Web page caption snippets:
──────

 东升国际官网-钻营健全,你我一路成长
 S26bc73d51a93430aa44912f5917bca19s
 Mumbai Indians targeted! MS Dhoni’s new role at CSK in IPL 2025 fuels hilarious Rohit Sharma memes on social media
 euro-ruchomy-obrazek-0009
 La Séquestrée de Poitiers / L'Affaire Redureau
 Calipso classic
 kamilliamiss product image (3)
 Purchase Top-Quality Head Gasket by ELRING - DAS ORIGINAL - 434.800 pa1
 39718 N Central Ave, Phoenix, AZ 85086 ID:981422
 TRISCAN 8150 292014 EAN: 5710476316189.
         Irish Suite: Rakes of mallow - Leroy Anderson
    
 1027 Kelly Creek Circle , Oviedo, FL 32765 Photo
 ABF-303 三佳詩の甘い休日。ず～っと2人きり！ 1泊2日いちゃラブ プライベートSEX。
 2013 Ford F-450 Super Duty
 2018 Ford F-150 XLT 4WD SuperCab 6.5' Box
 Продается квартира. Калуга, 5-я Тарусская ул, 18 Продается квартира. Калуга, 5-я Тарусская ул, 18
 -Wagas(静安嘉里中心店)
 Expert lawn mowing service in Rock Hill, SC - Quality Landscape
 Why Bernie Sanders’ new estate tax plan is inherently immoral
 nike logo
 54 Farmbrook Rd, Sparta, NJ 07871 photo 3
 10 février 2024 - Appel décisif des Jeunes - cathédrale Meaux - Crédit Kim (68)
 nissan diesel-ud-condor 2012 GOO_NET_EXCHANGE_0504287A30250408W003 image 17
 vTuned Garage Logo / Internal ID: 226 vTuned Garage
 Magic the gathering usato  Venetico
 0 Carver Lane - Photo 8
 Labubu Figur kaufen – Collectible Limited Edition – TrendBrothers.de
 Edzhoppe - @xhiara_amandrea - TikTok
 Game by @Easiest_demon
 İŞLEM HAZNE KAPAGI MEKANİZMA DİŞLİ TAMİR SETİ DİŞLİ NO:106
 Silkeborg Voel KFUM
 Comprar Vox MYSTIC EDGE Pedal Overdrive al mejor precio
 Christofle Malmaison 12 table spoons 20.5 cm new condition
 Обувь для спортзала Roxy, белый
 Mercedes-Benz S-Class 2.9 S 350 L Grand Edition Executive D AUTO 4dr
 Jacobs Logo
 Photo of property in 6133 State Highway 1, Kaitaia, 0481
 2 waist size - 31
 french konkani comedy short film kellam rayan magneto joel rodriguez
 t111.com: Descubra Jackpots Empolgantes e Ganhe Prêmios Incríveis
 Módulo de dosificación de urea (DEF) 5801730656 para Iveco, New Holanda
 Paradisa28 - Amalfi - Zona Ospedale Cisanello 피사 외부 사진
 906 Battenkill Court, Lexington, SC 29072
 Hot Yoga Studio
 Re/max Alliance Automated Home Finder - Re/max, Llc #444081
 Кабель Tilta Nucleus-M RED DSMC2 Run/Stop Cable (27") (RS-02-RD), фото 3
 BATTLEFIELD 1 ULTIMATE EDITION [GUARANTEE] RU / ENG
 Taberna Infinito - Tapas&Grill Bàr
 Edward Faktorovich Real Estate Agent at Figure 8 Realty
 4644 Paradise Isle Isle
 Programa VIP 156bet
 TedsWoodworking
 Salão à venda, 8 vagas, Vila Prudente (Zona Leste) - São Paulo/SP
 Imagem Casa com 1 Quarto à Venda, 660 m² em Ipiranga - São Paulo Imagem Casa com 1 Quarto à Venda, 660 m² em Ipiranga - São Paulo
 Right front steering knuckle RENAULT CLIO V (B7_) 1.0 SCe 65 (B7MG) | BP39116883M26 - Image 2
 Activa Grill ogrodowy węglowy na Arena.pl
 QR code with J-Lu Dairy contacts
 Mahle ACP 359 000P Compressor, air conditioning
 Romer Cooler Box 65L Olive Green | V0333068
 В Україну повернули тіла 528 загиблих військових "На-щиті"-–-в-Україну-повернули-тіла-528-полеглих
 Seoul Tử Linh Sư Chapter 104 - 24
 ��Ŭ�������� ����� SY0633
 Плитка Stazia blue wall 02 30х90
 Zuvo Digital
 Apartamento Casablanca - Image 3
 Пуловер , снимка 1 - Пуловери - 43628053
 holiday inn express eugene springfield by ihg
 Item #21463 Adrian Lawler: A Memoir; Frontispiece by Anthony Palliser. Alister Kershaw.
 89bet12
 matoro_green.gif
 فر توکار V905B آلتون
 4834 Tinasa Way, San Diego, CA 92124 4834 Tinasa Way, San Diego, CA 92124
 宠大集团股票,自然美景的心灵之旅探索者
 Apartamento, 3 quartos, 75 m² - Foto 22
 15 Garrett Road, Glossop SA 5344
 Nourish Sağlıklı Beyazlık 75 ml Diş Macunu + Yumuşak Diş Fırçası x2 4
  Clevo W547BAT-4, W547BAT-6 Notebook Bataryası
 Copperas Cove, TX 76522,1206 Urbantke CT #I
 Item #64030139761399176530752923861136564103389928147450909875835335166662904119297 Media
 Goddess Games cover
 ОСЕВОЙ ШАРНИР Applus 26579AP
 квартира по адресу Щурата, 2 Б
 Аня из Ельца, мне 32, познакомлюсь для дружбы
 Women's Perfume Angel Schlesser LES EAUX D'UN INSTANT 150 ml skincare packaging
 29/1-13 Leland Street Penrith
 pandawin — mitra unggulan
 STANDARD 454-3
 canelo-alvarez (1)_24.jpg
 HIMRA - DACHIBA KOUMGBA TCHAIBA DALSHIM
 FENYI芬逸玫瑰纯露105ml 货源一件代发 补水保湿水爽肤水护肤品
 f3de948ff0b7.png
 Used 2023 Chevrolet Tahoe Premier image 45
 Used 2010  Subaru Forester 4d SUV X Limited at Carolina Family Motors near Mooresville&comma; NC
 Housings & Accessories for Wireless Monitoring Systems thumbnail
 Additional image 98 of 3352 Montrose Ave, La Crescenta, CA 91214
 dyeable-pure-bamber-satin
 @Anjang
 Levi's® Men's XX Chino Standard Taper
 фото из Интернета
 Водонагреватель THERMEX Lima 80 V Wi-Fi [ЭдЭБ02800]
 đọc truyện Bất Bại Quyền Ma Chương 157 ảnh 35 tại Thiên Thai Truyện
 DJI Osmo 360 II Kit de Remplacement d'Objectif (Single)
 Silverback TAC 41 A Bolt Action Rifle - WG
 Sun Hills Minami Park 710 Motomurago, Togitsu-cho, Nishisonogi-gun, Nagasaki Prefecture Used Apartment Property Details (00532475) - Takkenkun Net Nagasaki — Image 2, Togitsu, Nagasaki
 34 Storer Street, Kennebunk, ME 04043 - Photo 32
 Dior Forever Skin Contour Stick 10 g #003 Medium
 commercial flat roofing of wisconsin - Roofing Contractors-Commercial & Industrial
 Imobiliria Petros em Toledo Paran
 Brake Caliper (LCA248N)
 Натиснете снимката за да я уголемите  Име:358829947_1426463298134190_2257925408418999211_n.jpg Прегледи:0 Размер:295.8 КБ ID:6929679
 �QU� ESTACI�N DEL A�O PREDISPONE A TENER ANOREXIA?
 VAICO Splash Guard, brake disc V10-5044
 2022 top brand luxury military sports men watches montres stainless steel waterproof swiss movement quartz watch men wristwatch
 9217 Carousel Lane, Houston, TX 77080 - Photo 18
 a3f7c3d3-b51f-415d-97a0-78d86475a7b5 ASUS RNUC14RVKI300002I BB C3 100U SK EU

──────

■ Work task: For the string "Ford", give the number of lines in the entries that contain it, with no other words.

■ Written solution: 2